The Employment Appeal Tribunal (EAT) has ruled that type 2 diabetes which is controlled by diet and does not have a substantial adverse effect on an employee’s day-to-day activities does not amount to disability discrimination.
In the case of Metroline Travel v Stoute, the claimant was a bus driver who suffered from type 2 diabetes which he controlled largely by following a diabetic diet; in particular, avoiding sugary drinks.
Stoute brought a disability discrimination claim following his dismissal for gross misconduct. It appears that his dismissal followed an incident when he was late for/absent from work because of a digestive problem, which was a side effect of his medication.
The Employment Tribunal had held as a preliminary issue that he was disabled within the definition. The claimant lost his substantive claim but the employer appealed against the preliminary decision that he was disabled, because the workforce had a number of other employees suffering from type 2 diabetes.
The EAT allowed the employer’s appeal. The EAT judge considered the rule about ignoring any ongoing treatment but decided that abstaining from sugary drinks was a minor diet alteration rather than a particular diet and did not amount to treatment.

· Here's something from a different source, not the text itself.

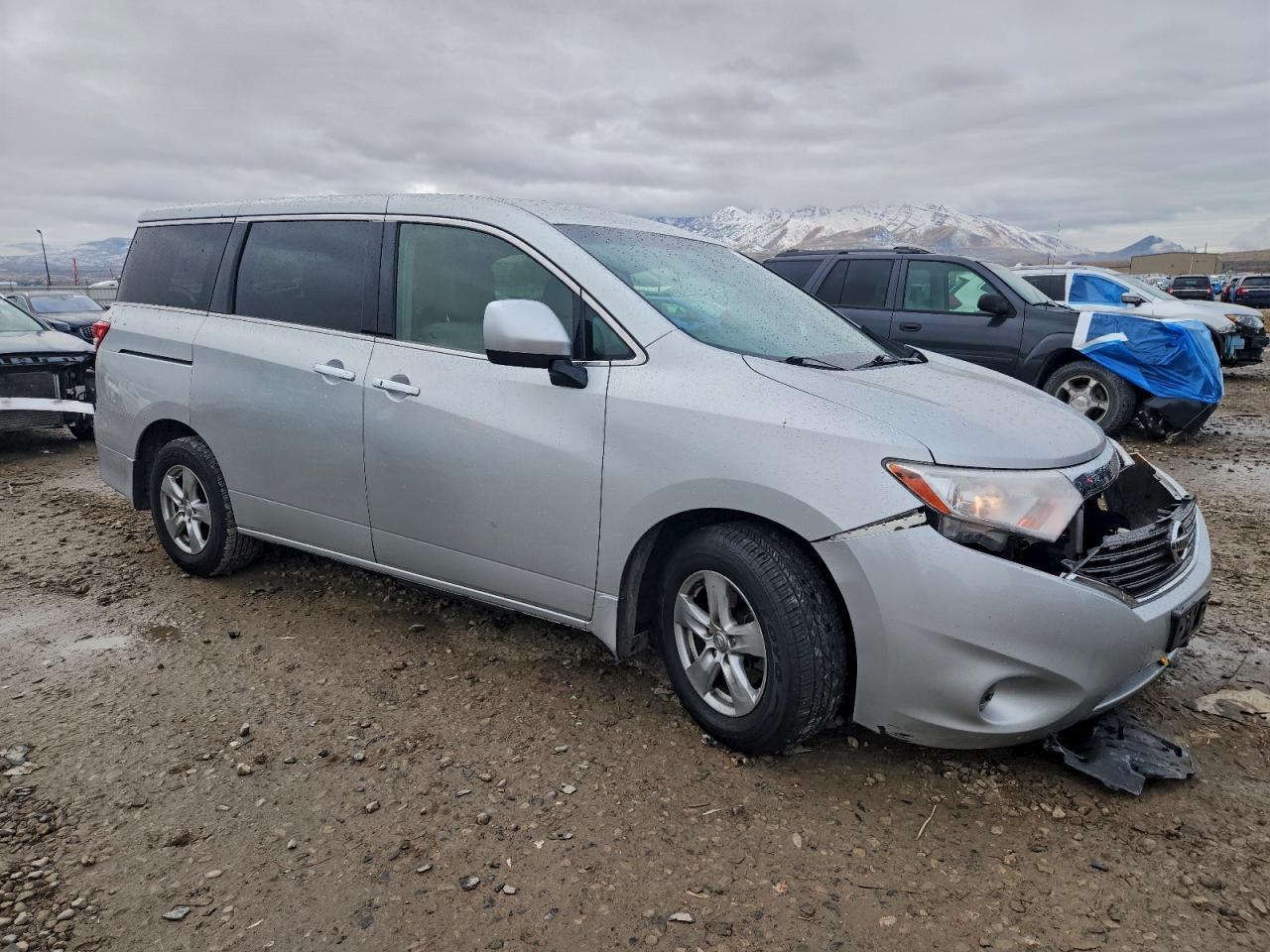2015 NISSAN Quest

The EAT also did not accept that not being able to consume sugary drinks was a substantial interference with day-to-day activities and that the claimant could prevent the risk of a hypoglycaemic attack by sticking to the diet.

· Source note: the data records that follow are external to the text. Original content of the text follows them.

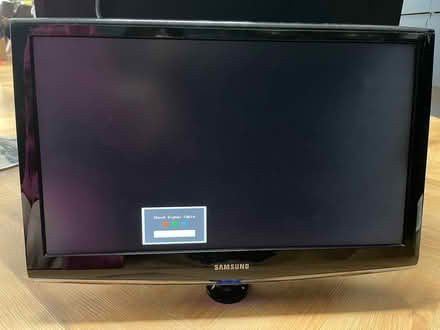 Photo of free Samsung computer monitor (working) (Crouch End / Stroud Green N8) #1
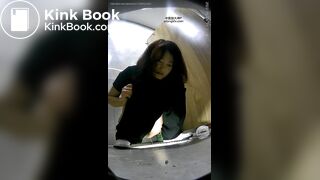 spy camera asian girl pee and shit.video_1326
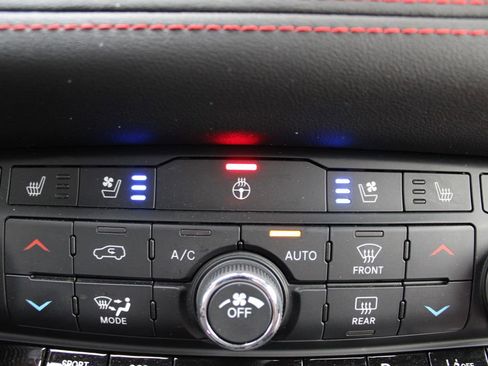 Used 2025 Dodge Durango R/T AWD/4WD image 29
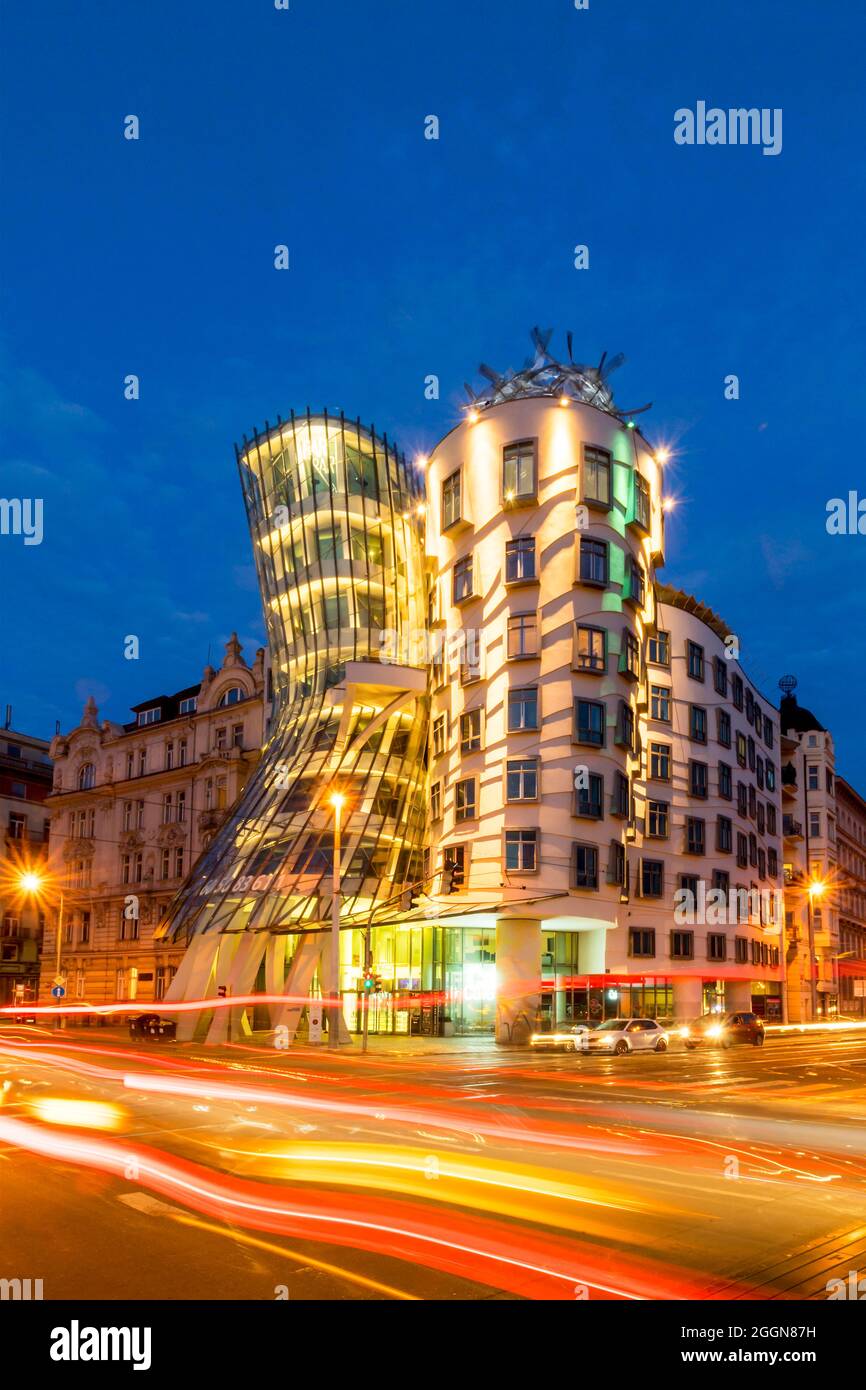 Das Tanzende Haus in Prag Tschechien bei Nacht Stockfoto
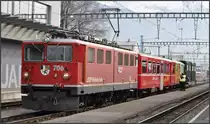 Ge 6/6 II 706  Disentis/Muster  mit G�terzug nach Davos vor der Abfahrt in Landquart. (16.02.2011)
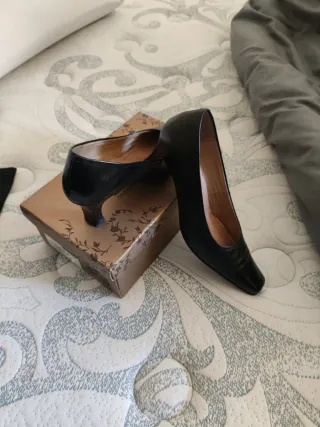 Zapatos de salón negros para mujer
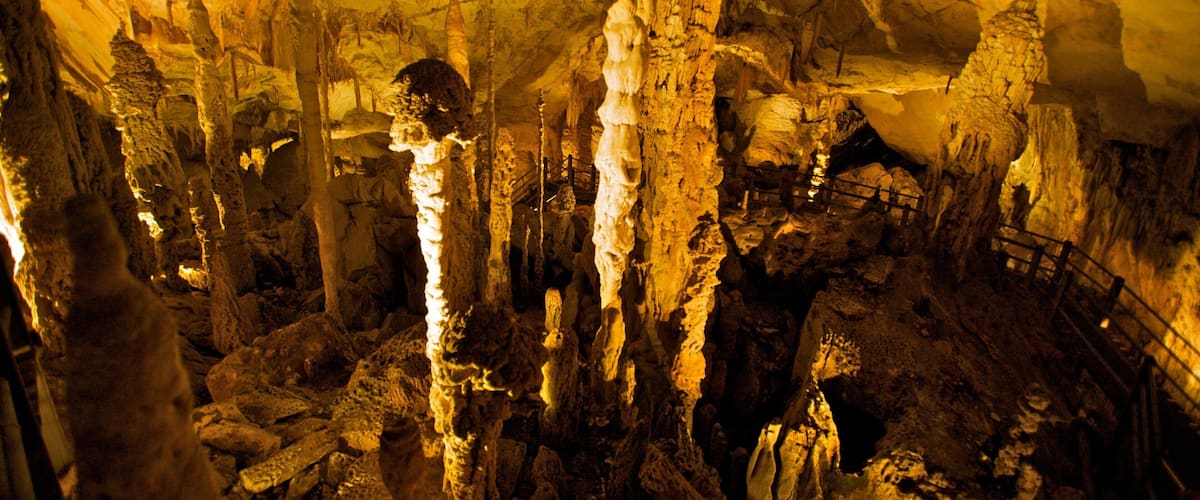 Nationalpark Gunung Mulu das einen Höhlen und Innenansichten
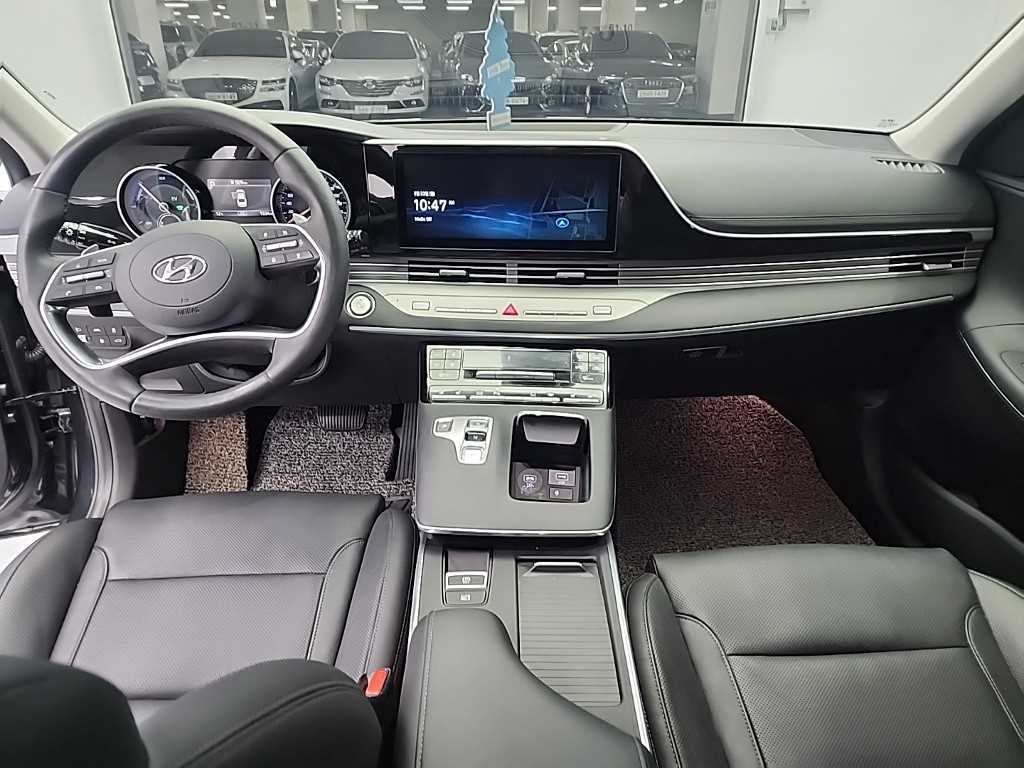 HYUNDAI Grandeur - Vista 7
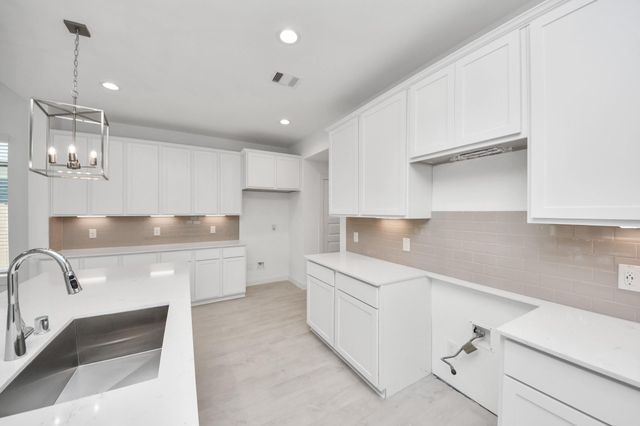 26355 Viva Drive, Magnolia, TX 77066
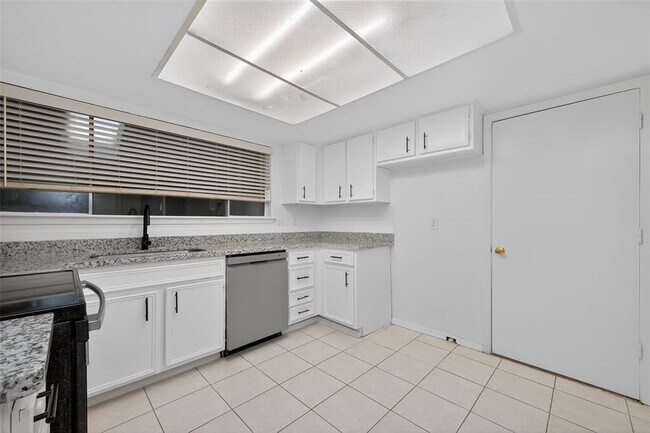Building Photo - 23223 Naples Dr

However, this decision should not be taken by employers to mean that type 2 diabetes can never be a disability under the Equality Act 2010.
Employers will need to take steps to assess the effect of the disease when seeking to ascertain whether an employee is disabled because it may affect the steps employers need to take and the potential risks involved when dismissing a member of staff.
But it is does make clear that a condition controlled by a minor alteration of diet will not be viewed as disability discrimination.
Paula Bailey, employment law partner at Howes Percival, said: “This is a welcome decision for employers [because] it ensures that the bar is not set too low for determing whether an employee has a disability, especially [because] once an employee is treated as disabled the obligation to make reasonable adjustments can be triggered, which can be fairly onerous.”